Patients were only included in the analysis if they had indicated that they mastered the questionnaire language well, and if they had given information about travel time; travel distance; in-practice waiting time, quality of communication; and the number of provider visits they had in the last year. Patients were excluded from analyses if data for more than two control variables were missing. The strict criteria with regard to missing data were chosen, because the number of missing data was assumed to reflect the thoroughness with which the respondent has answered the questionnaire. Accordingly, data of patients with more than two missing data were assumed to be less reliable and less valid than data of the other patients and it therefore seemed wise to exclude them from the analyses.

Patients were included independently of the number of visits to their primary diabetes care provider in the year preceding the survey, i.e. patients who had not visited at all during this time were also included. This was necessary because the relationship of the focal predictor variables with the number of visits was investigated and because ‘zero visits’ constituted a possible outcome. It could be argued that the answers given by patients with zero visits in the last year are less valid than the answers of regular visitors. However, even if they are less valid in the sense that they do not adequately describe the reality they can validly reflect what the patients think about the reality and it is this thinking which determines the behaviour [25].

Statistical analyses

For the inclusion criteria, descriptive statistics were computed based on the total number of questionnaires distributed and, for the investigated variables, based on the questionnaires which met the inclusion criteria. Percentages were computed for dichotomous variables, and means, standard deviations, minima and maxima for continuous variables. This was undertaken for both the total sample and separately for the six region-specific samples. Regional differences regarding dichotomous variables were statistically tested using chi-square tests, and regional differences regarding continuous variables using Kruskal-Wallis tests.

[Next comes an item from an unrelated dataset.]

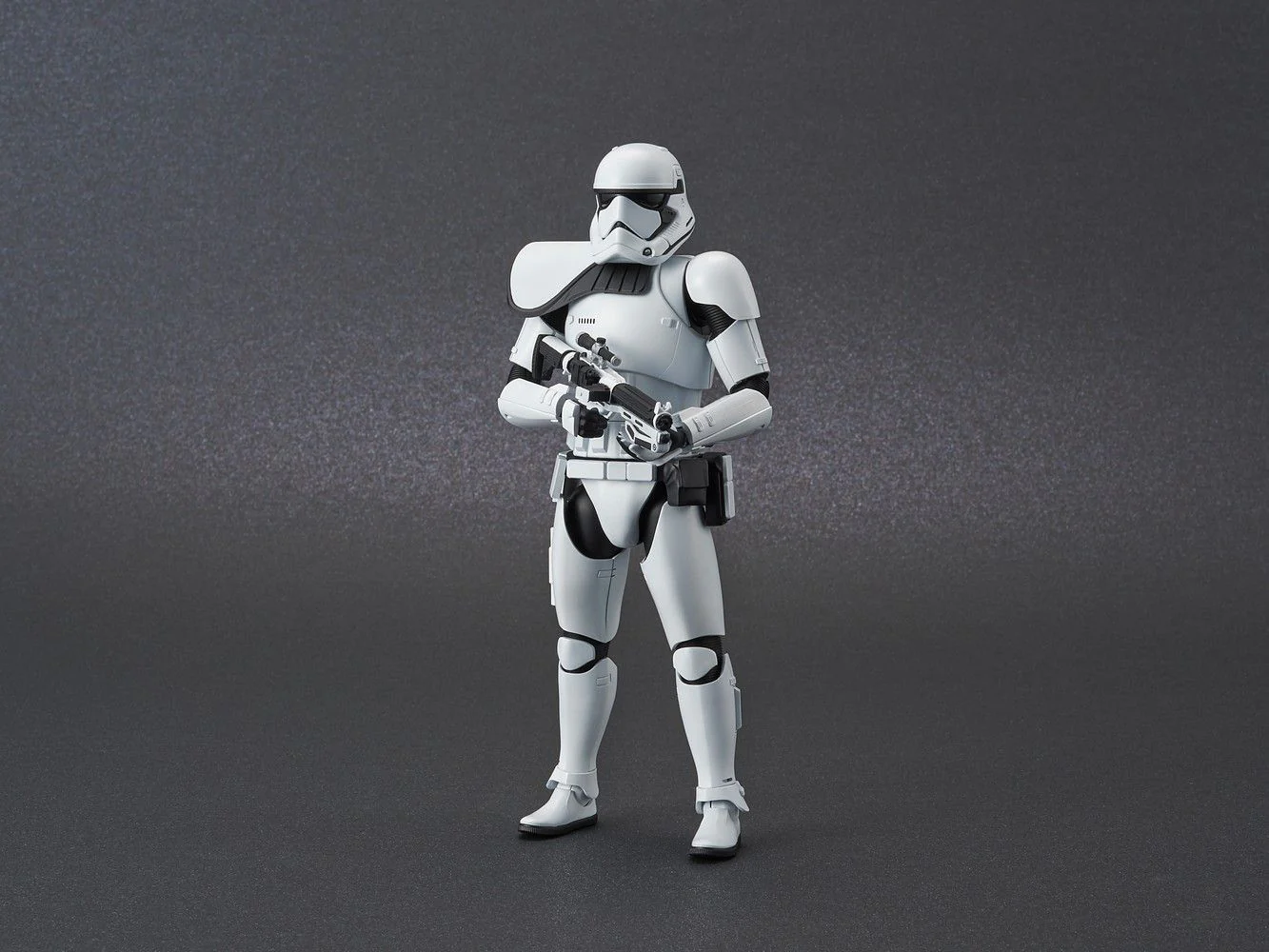 First Order Stormtrooper (Rise of Skywalker) 1/12 Scale Model Kit - Image 2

The relationship of travel distance, travel time, in-practice waiting time and quality of communication with visits to the primary diabetes care provider was investigated using log-linear Poisson regression models [26] with frequency of visits as the criterion. Poisson regression models are specially designed for predicting count variables as for example the frequency of visits. The de-logarithmised coefficients estimated by these models reflect the proportion with which the predicted variable increases or, respectively, decreases when the corresponding predictor variable increases by one unit.

All focal predictor variables and all control variables were applied as predictor variables. All focal predictors were entered together into the same model as they were considered to reflect different aspects. This also applies to travel distance and travel time because travel time is not solely determined by travel distance, but also by factors such as the method of transport available to the patient and road congestion. Hence, both variables might have an independent effect on the visits to the diabetes care provider. Dummy-coded study regions were included to control for region-specific tendencies regarding provider visits. The status of diabetes and the five secondary complications of diabetes were included to control for the effect of health status because health status usually affects the number of health care provider visits [2,3,4, 8, 9, 15]. The three socio-demographic variables (age, gender and education) were included because these variables are known to be related to health status [27,28,29,30] and thus might help to control for those aspects of health status that are not reflected by diabetes status and secondary complications. Taken together, the demographic variables and the variables directly addressing health status can be regarded as variables covering the need for visits to the primary diabetes care provider.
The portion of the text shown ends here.